## Materials provided

———

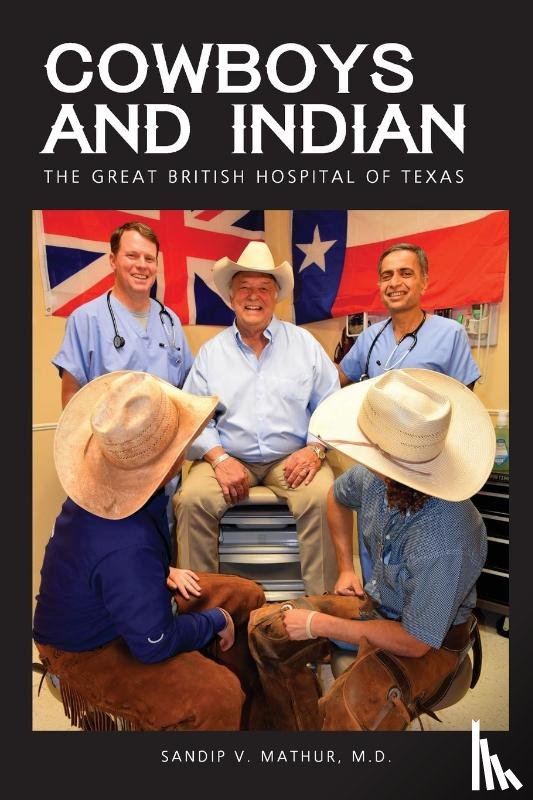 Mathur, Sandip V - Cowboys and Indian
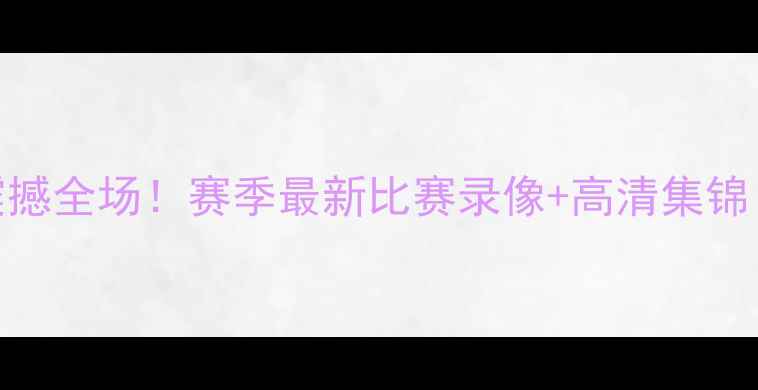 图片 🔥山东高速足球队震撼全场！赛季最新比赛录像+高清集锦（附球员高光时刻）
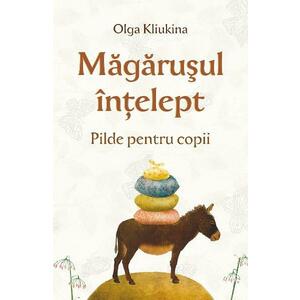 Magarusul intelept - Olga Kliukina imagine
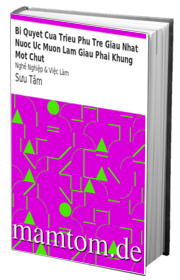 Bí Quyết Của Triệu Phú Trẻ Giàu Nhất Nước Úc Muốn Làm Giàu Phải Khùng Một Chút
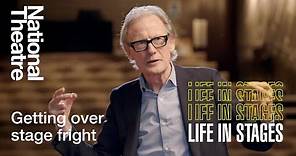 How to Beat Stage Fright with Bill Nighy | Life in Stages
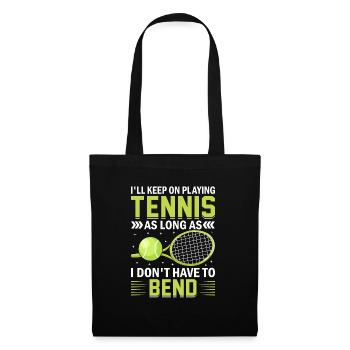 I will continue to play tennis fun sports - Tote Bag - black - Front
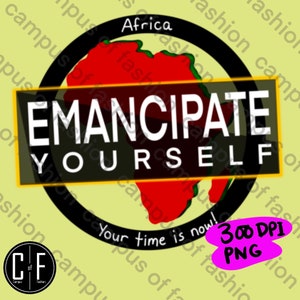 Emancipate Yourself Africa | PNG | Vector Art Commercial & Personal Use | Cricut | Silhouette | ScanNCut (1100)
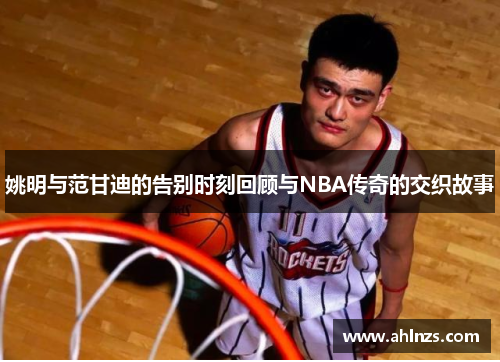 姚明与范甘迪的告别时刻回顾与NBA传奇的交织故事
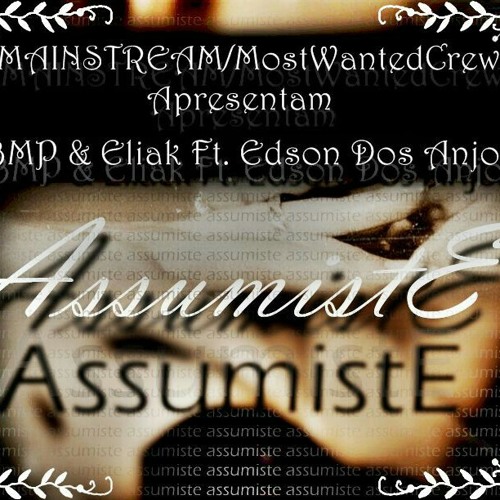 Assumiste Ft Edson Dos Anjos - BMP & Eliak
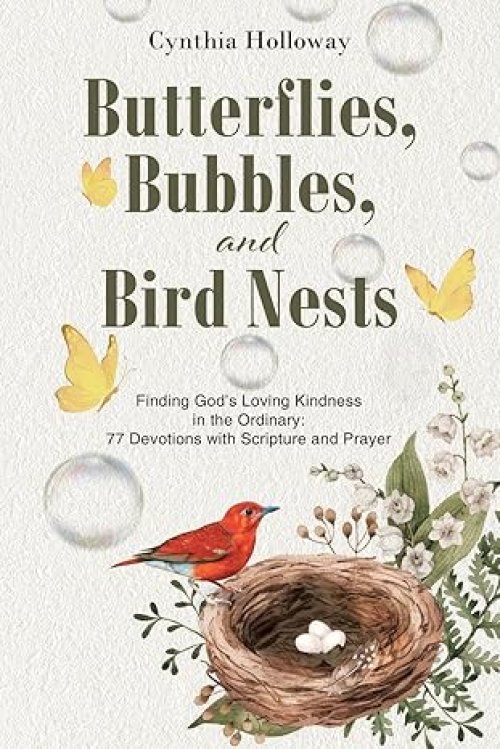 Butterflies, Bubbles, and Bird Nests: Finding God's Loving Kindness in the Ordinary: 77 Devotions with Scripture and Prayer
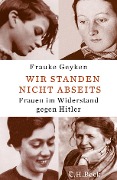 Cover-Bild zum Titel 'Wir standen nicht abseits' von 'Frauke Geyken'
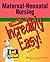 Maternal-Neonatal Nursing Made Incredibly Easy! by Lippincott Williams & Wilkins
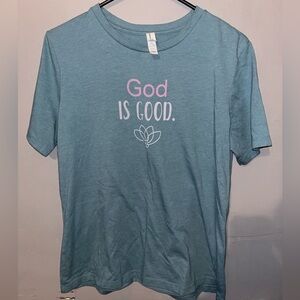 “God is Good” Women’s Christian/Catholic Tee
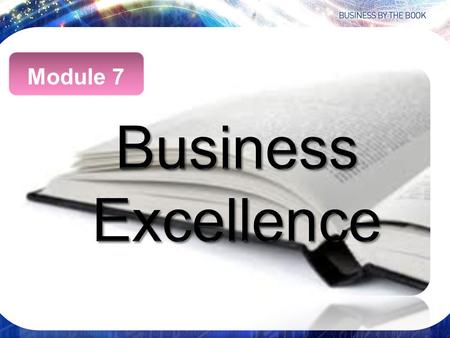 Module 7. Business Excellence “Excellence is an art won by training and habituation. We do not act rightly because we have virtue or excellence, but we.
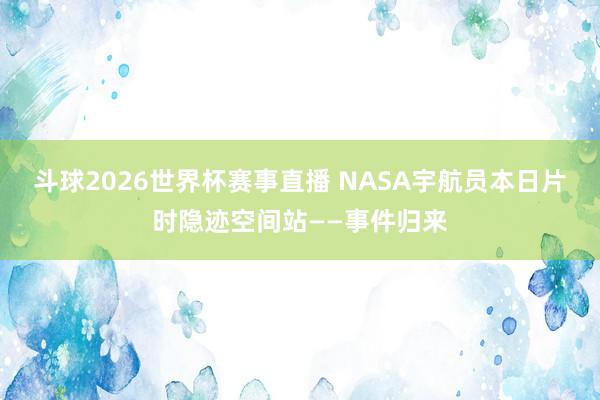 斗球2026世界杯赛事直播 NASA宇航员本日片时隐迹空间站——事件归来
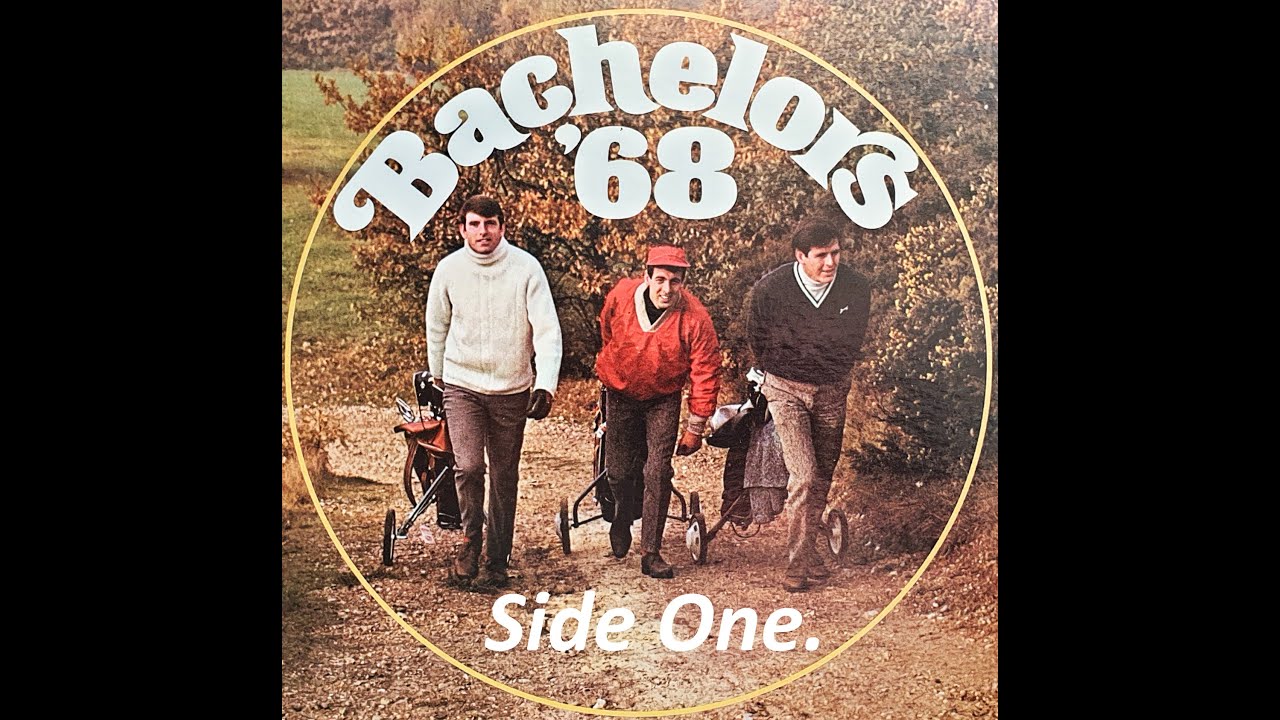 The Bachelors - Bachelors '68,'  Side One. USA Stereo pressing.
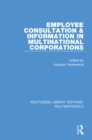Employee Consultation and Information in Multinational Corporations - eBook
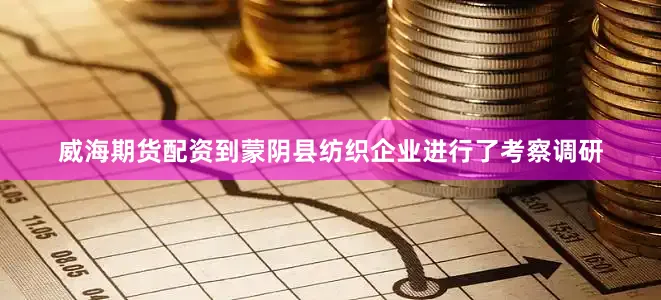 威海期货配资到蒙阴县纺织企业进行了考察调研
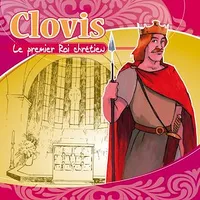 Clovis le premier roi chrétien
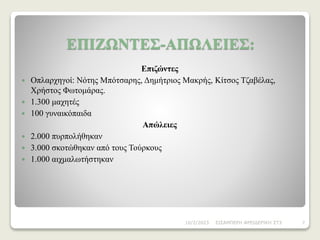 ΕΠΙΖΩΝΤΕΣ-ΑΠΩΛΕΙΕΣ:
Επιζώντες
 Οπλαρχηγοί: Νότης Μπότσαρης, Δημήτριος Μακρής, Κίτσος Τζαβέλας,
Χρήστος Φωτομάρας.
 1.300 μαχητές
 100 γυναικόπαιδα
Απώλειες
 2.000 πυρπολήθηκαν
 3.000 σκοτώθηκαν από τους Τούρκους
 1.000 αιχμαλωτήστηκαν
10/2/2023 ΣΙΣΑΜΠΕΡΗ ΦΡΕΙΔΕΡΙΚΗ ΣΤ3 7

———

Give back every record above exactly as written, skipping each picture.

 Mathur, Sandip V - Cowboys and Indian
 图片 🔥山东高速足球队震撼全场！赛季最新比赛录像+高清集锦（附球员高光时刻）
 Magarusul intelept - Olga Kliukina imagine
 Bí Quyết Của Triệu Phú Trẻ Giàu Nhất Nước Úc Muốn Làm Giàu Phải Khùng Một Chút
 How to Beat Stage Fright with Bill Nighy | Life in Stages
 I will continue to play tennis fun sports - Tote Bag - black - Front
 Emancipate Yourself Africa | PNG | Vector Art Commercial & Personal Use | Cricut | Silhouette | ScanNCut (1100)
 姚明与范甘迪的告别时刻回顾与NBA传奇的交织故事
 Assumiste Ft Edson Dos Anjos - BMP & Eliak
 Butterflies, Bubbles, and Bird Nests: Finding God's Loving Kindness in the Ordinary: 77 Devotions with Scripture and Prayer
 Cover-Bild zum Titel 'Wir standen nicht abseits' von 'Frauke Geyken'
 Maternal-Neonatal Nursing Made Incredibly Easy! by Lippincott Williams & Wilkins
 “God is Good” Women’s Christian/Catholic Tee
 Module 7. Business Excellence “Excellence is an art won by training and habituation. We do not act rightly because we have virtue or excellence, but we.
 斗球2026世界杯赛事直播 NASA宇航员本日片时隐迹空间站——事件归来
 The Bachelors - Bachelors '68,'  Side One. USA Stereo pressing.
Employee Consultation and Information in Multinational Corporations - eBook
 威海期货配资到蒙阴县纺织企业进行了考察调研
 Clovis le premier roi chrétien
 ΕΠΙΖΩΝΤΕΣ-ΑΠΩΛΕΙΕΣ:
Επιζώντες
 Οπλαρχηγοί: Νότης Μπότσαρης, Δημήτριος Μακρής, Κίτσος Τζαβέλας,
Χρήστος Φωτομάρας.
 1.300 μαχητές
 100 γυναικόπαιδα
Απώλειες
 2.000 πυρπολήθηκαν
 3.000 σκοτώθηκαν από τους Τούρκους
 1.000 αιχμαλωτήστηκαν
10/2/2023 ΣΙΣΑΜΠΕΡΗ ΦΡΕΙΔΕΡΙΚΗ ΣΤ3 7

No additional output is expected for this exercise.